• _EXERCISE GOAL_:
What the task needs is the data below, written out verbatim.

• _STORED DATA_:
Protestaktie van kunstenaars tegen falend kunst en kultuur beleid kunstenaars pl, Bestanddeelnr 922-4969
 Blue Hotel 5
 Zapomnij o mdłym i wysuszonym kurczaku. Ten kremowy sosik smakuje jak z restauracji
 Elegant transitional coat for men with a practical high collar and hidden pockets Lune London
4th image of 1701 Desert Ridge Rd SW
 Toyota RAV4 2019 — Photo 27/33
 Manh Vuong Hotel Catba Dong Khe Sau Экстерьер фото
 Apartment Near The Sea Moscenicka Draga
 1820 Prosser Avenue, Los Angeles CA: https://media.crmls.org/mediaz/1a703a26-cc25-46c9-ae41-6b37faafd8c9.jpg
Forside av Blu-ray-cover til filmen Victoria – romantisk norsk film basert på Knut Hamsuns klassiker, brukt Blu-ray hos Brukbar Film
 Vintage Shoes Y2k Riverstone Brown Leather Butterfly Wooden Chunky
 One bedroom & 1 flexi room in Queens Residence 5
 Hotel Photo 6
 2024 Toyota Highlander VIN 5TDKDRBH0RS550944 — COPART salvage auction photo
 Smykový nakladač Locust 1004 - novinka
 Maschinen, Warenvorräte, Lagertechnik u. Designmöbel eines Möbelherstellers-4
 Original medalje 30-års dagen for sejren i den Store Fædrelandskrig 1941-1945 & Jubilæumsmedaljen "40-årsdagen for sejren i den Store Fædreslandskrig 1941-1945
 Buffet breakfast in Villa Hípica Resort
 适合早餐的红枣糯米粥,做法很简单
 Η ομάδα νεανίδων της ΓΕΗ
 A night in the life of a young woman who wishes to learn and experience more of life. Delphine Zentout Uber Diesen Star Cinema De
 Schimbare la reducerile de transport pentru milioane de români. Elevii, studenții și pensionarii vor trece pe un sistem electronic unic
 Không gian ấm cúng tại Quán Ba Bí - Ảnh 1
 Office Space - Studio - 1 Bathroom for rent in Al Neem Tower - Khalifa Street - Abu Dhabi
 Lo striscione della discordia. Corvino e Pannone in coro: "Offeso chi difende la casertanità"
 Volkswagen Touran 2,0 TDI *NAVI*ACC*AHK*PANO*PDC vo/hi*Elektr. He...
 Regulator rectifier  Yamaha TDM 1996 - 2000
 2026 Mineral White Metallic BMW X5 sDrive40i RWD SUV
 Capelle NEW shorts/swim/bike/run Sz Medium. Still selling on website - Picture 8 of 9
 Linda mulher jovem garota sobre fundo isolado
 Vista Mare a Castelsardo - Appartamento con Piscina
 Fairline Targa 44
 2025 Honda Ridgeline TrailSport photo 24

• _WRITTEN ANSWER_:
Protestaktie van kunstenaars tegen falend kunst en kultuur beleid kunstenaars pl, Bestanddeelnr 922-4969
 Blue Hotel 5
 Zapomnij o mdłym i wysuszonym kurczaku. Ten kremowy sosik smakuje jak z restauracji
 Elegant transitional coat for men with a practical high collar and hidden pockets Lune London
4th image of 1701 Desert Ridge Rd SW
 Toyota RAV4 2019 — Photo 27/33
 Manh Vuong Hotel Catba Dong Khe Sau Экстерьер фото
 Apartment Near The Sea Moscenicka Draga
 1820 Prosser Avenue, Los Angeles CA: https://media.crmls.org/mediaz/1a703a26-cc25-46c9-ae41-6b37faafd8c9.jpg
Forside av Blu-ray-cover til filmen Victoria – romantisk norsk film basert på Knut Hamsuns klassiker, brukt Blu-ray hos Brukbar Film
 Vintage Shoes Y2k Riverstone Brown Leather Butterfly Wooden Chunky
 One bedroom & 1 flexi room in Queens Residence 5
 Hotel Photo 6
 2024 Toyota Highlander VIN 5TDKDRBH0RS550944 — COPART salvage auction photo
 Smykový nakladač Locust 1004 - novinka
 Maschinen, Warenvorräte, Lagertechnik u. Designmöbel eines Möbelherstellers-4
 Original medalje 30-års dagen for sejren i den Store Fædrelandskrig 1941-1945 & Jubilæumsmedaljen "40-årsdagen for sejren i den Store Fædreslandskrig 1941-1945
 Buffet breakfast in Villa Hípica Resort
 适合早餐的红枣糯米粥,做法很简单
 Η ομάδα νεανίδων της ΓΕΗ
 A night in the life of a young woman who wishes to learn and experience more of life. Delphine Zentout Uber Diesen Star Cinema De
 Schimbare la reducerile de transport pentru milioane de români. Elevii, studenții și pensionarii vor trece pe un sistem electronic unic
 Không gian ấm cúng tại Quán Ba Bí - Ảnh 1
 Office Space - Studio - 1 Bathroom for rent in Al Neem Tower - Khalifa Street - Abu Dhabi
 Lo striscione della discordia. Corvino e Pannone in coro: "Offeso chi difende la casertanità"
 Volkswagen Touran 2,0 TDI *NAVI*ACC*AHK*PANO*PDC vo/hi*Elektr. He...
 Regulator rectifier  Yamaha TDM 1996 - 2000
 2026 Mineral White Metallic BMW X5 sDrive40i RWD SUV
 Capelle NEW shorts/swim/bike/run Sz Medium. Still selling on website - Picture 8 of 9
 Linda mulher jovem garota sobre fundo isolado
 Vista Mare a Castelsardo - Appartamento con Piscina
 Fairline Targa 44
 2025 Honda Ridgeline TrailSport photo 24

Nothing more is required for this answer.